## What the task requires
Exclude every picture. Output verbatim the lines from the one containing "Frisch geerntete Ringelblumenblüten" to the end of the data.

(Stored entries)
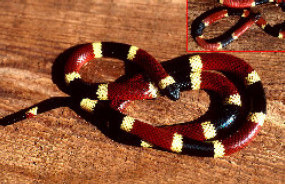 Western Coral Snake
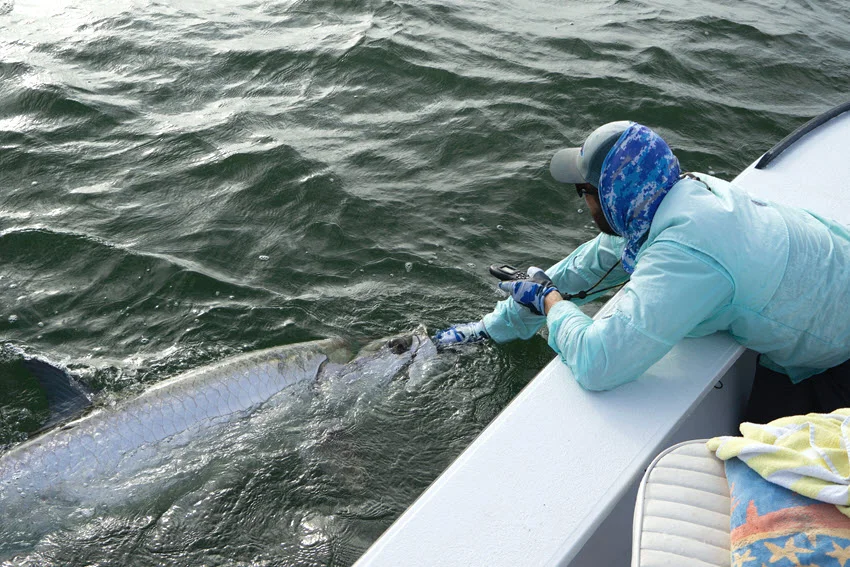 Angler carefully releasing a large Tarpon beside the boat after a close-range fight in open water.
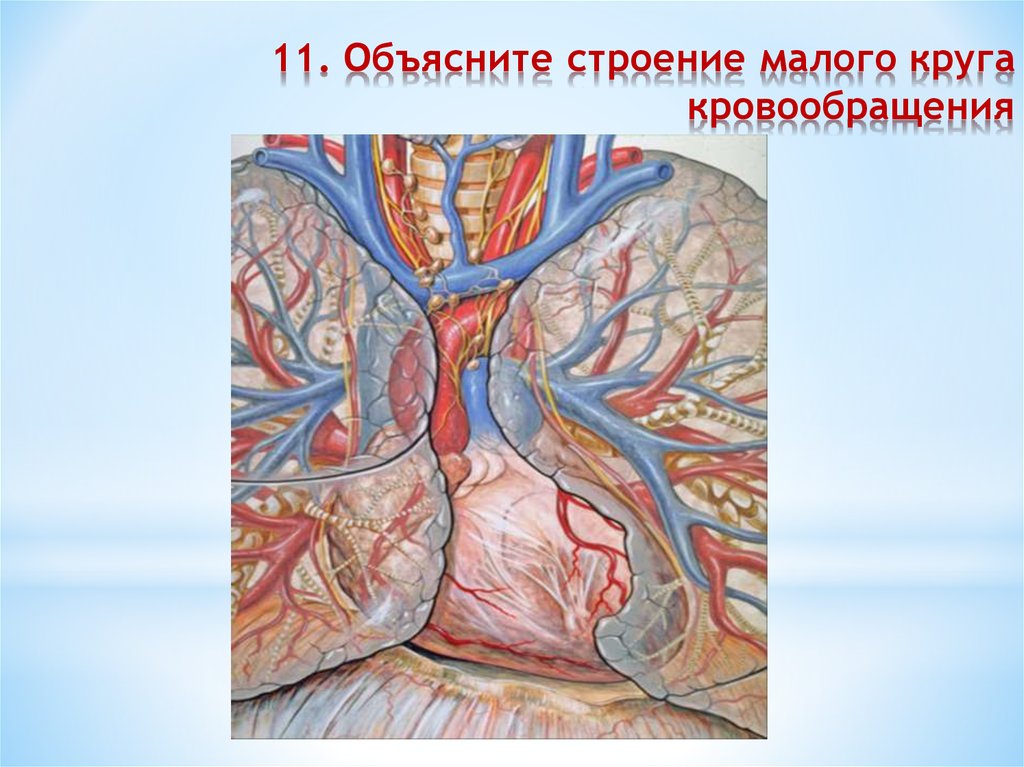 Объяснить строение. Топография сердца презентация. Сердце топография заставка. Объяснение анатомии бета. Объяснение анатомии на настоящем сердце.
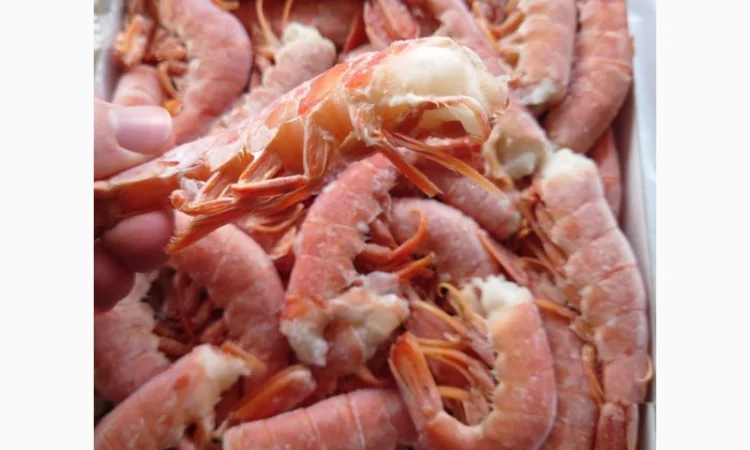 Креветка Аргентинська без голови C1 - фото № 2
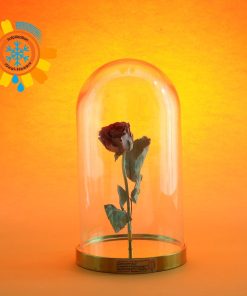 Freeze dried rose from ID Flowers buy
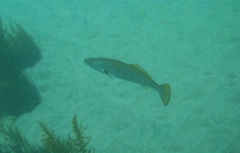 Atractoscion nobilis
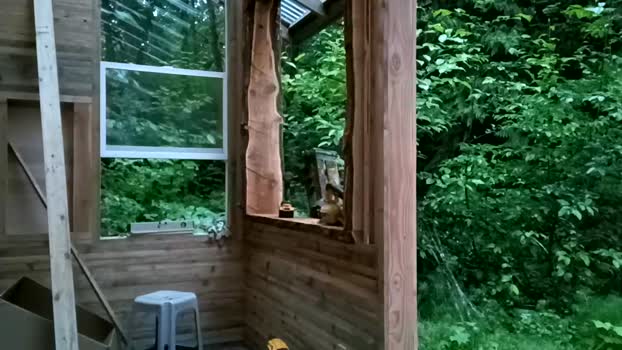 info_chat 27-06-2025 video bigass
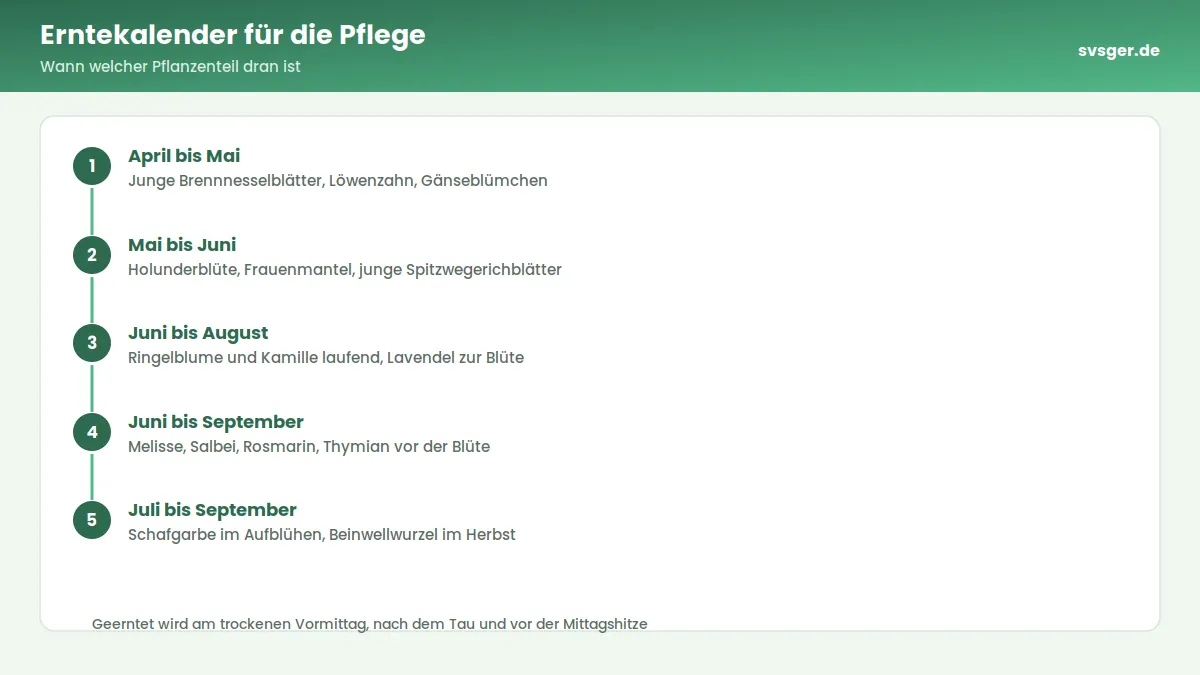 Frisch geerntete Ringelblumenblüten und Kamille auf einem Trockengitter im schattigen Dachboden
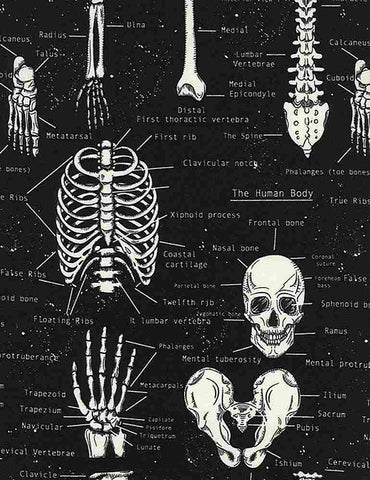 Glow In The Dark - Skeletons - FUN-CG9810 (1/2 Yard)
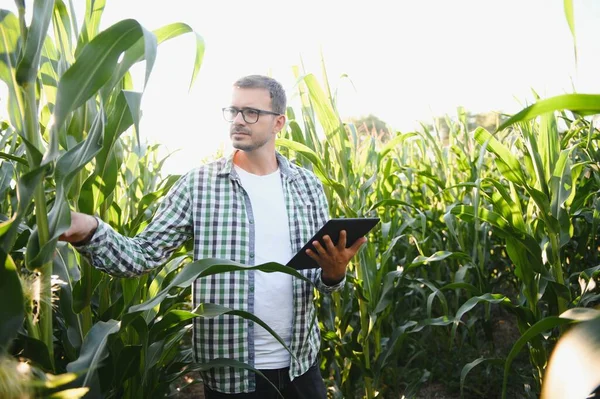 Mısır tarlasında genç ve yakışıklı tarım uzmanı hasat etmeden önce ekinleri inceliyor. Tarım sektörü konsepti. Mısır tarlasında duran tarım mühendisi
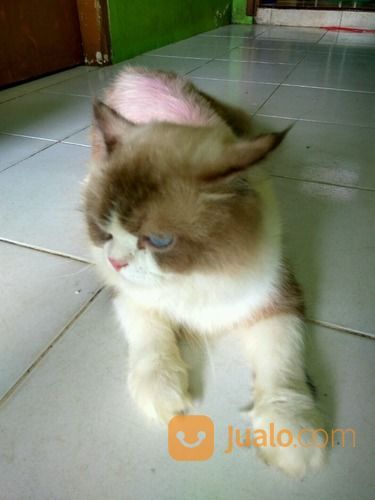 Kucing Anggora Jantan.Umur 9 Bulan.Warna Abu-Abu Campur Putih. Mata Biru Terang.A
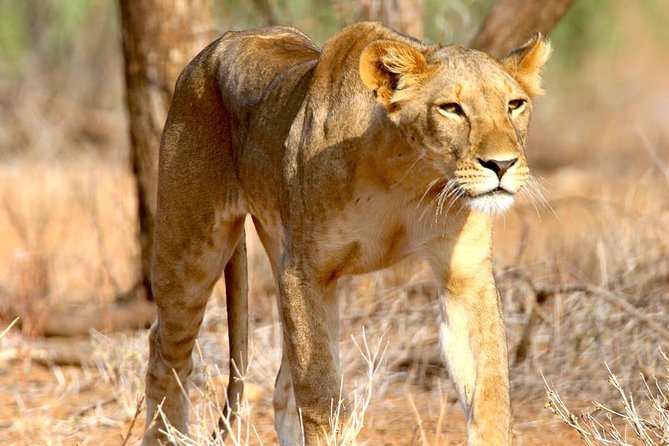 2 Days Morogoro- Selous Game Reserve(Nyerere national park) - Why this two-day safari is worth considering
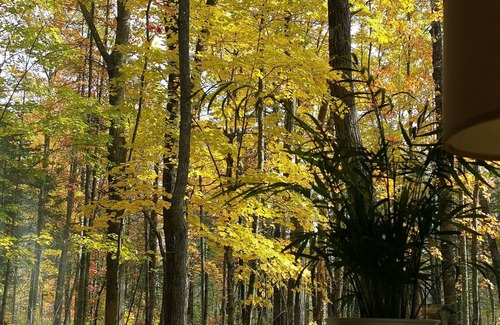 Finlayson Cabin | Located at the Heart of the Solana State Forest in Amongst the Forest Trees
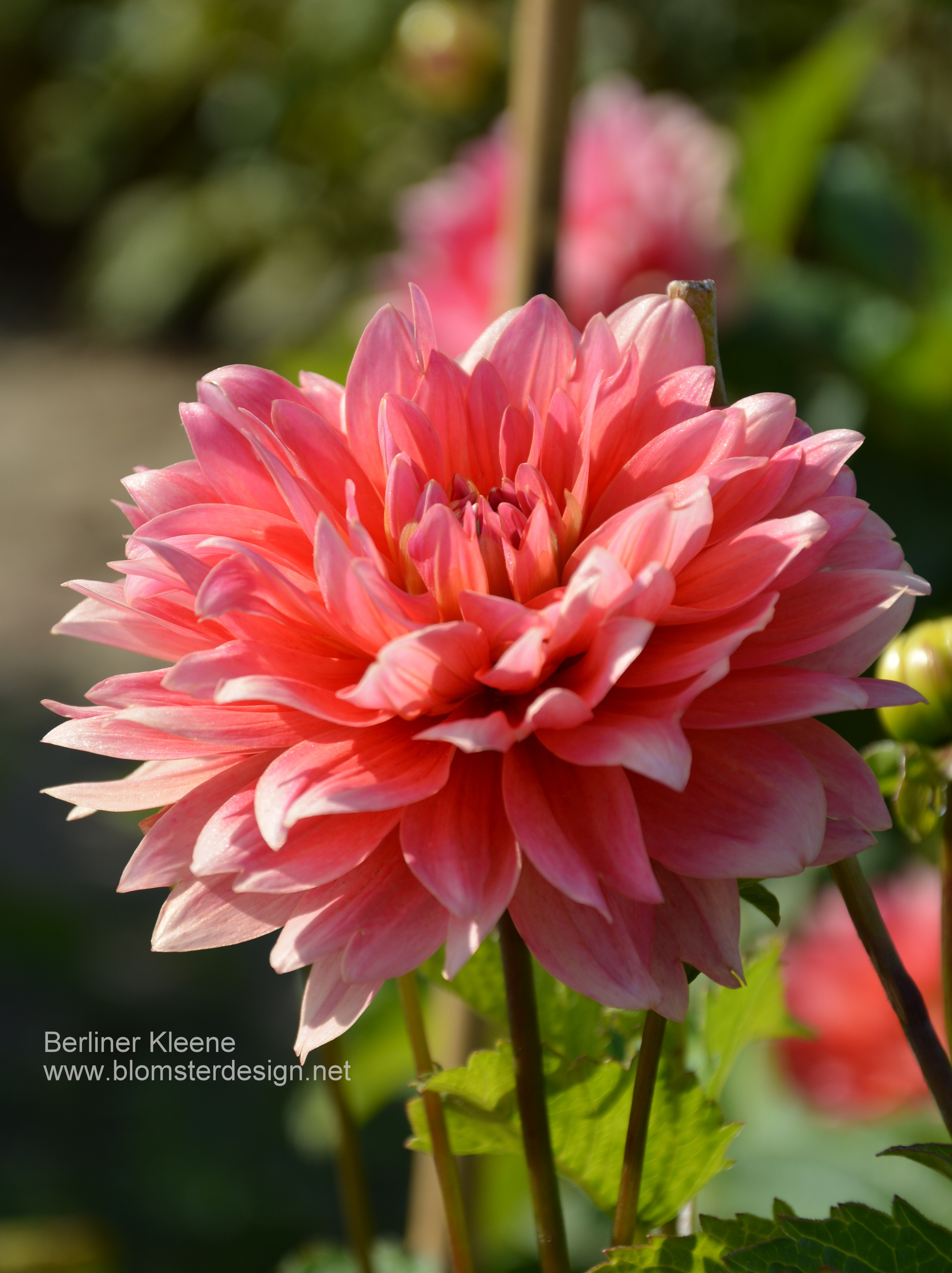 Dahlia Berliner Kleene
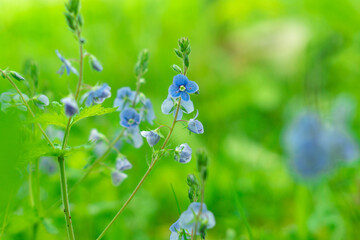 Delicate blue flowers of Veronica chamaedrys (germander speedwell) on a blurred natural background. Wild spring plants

## Result
 Frisch geerntete Ringelblumenblüten und Kamille auf einem Trockengitter im schattigen Dachboden
 Glow In The Dark - Skeletons - FUN-CG9810 (1/2 Yard)
 Mısır tarlasında genç ve yakışıklı tarım uzmanı hasat etmeden önce ekinleri inceliyor. Tarım sektörü konsepti. Mısır tarlasında duran tarım mühendisi
 Kucing Anggora Jantan.Umur 9 Bulan.Warna Abu-Abu Campur Putih. Mata Biru Terang.A
 2 Days Morogoro- Selous Game Reserve(Nyerere national park) - Why this two-day safari is worth considering
 Finlayson Cabin | Located at the Heart of the Solana State Forest in Amongst the Forest Trees
 Dahlia Berliner Kleene
 Delicate blue flowers of Veronica chamaedrys (germander speedwell) on a blurred natural background. Wild spring plants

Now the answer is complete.